"Dua pasar memang ada perbedaan harga, yang berbeda. Ada di Tawangmangu lebih rendah, dan stabil harganya dibanding dengan Pasar Blimbing, yang rata - rata beberapa komoditi beda harganya dia lebih tinggi," ucap Wahyu Hidayat, seusai peninjauan harga di toko ritel di Jalan Sulfat, Kota Malang.
Ia menemukan beberapa komoditi sembako seperti cabai, gula, ayam, telur, masih melambung tinggi harganya. Sedangkan untuk harga beras memang ada kecenderungan stabil dan tidak naik lagi.
"Beras lebih stabil, cabai tinggi, gula, ayam juga agak sedikit naik ya, karena kalau ayam stok, telur juga kemarin saya ke peternakan kita bandingkan memang naik karena bahan pakannya," tuturnya.
Wahyu menjelaskan, tingginya harga juga memang sudah terjadi di tingkat distributor. Jadi ketika pedagang di pasar itu membeli kebutuhan sembako, untuk dijual kembali harganya sudah mahal. Hal ini memicu harga di pasar juga berubah-ubah dari hari ke hari, dibandingkan dengan harga di toko ritel modern.
"Di Superindo ini berbeda sekali , rata rata mereka mengikuti HET (Harga Eceran Tertinggi). Mereka lebih cenderung ke sini karena harga lebih stabil, dibanding pasar. Ada yang gula di pasar 17 ribu, disini Superindo 16 ribu per kilogram, beras juga berbeda," ucapnya kembali.
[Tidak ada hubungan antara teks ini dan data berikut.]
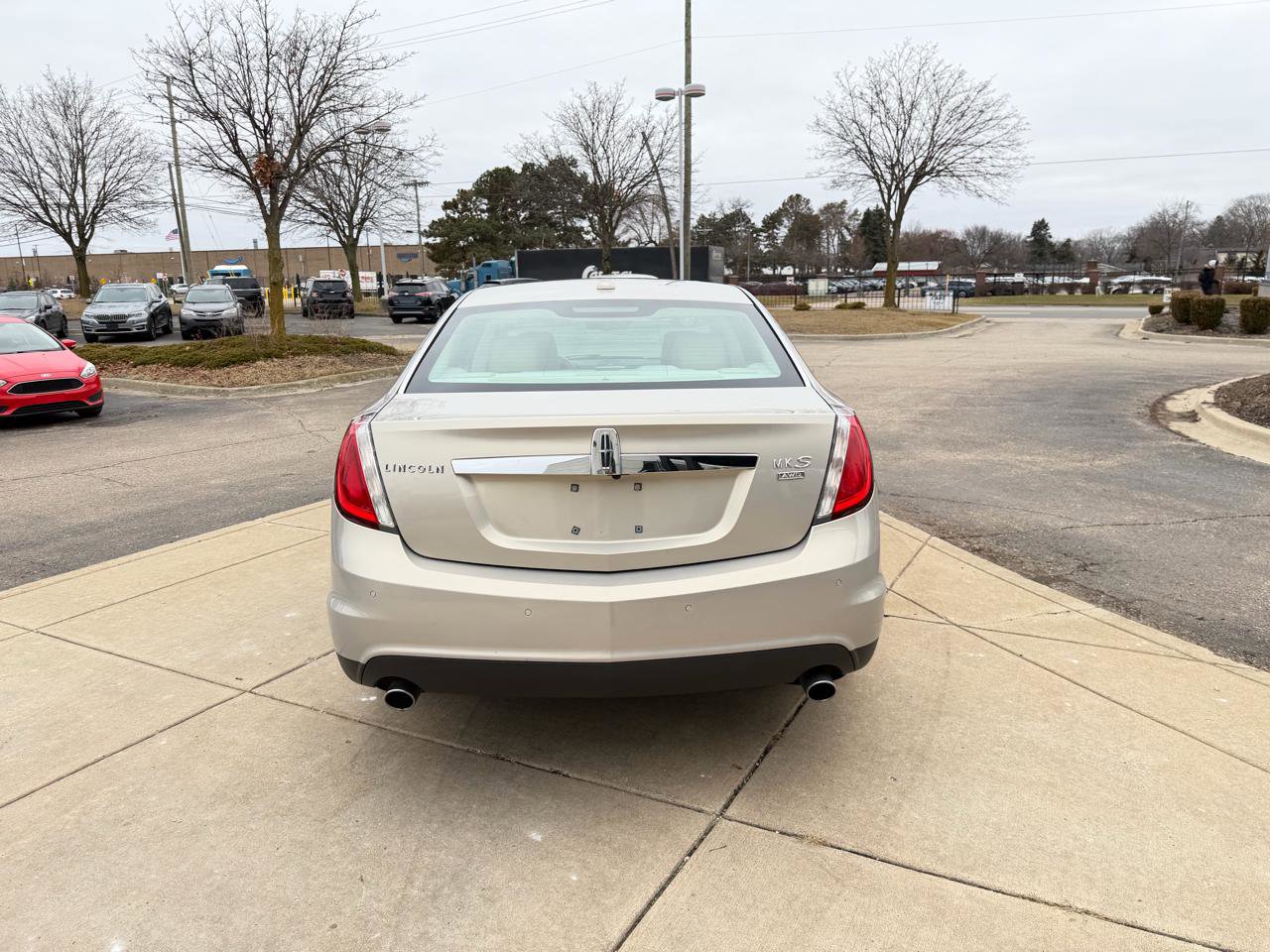 Used 2009 Lincoln MKS AWD image 5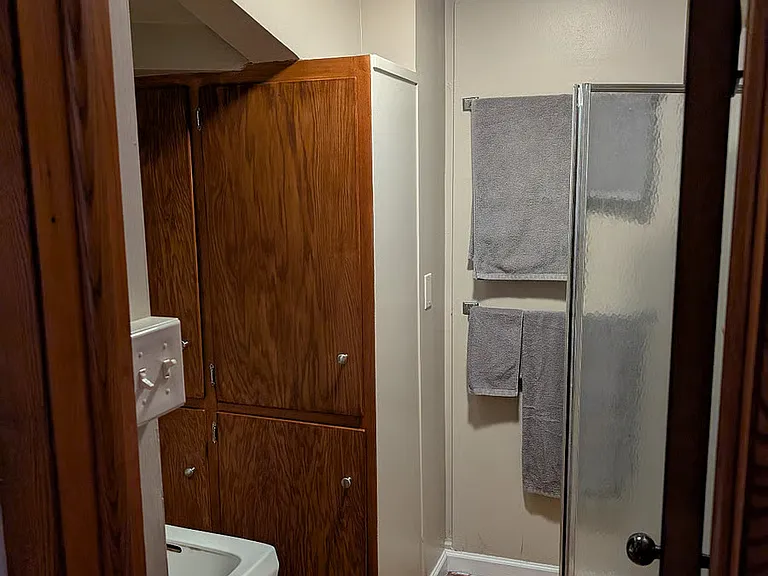 915 Broadway Ave NW #2 — Photo 8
Maka pembukaan kembali 'Warung Tekan Inflasi Mbois Ilakes' yang menjadi program Pemkot Malang mengurangi inflasi bisa berdampak ke masyarakat. Apalagi di harga beras yang dijual misalnya dijual di angka Rp 52 ribu, selisih 2.000 per kemasan lima kilogram dari HET tertinggi pasaran.
"Tadi ada juga dengan warung tekan inflasi, tidak hanya beras. Nanti tapi juga ada komoditi lain untuk menekan harga termasuk tempat pasarnya. Di Blimbing tinggi jadi harus kita intervensi dengan warung tekan inflasi," tukasnya.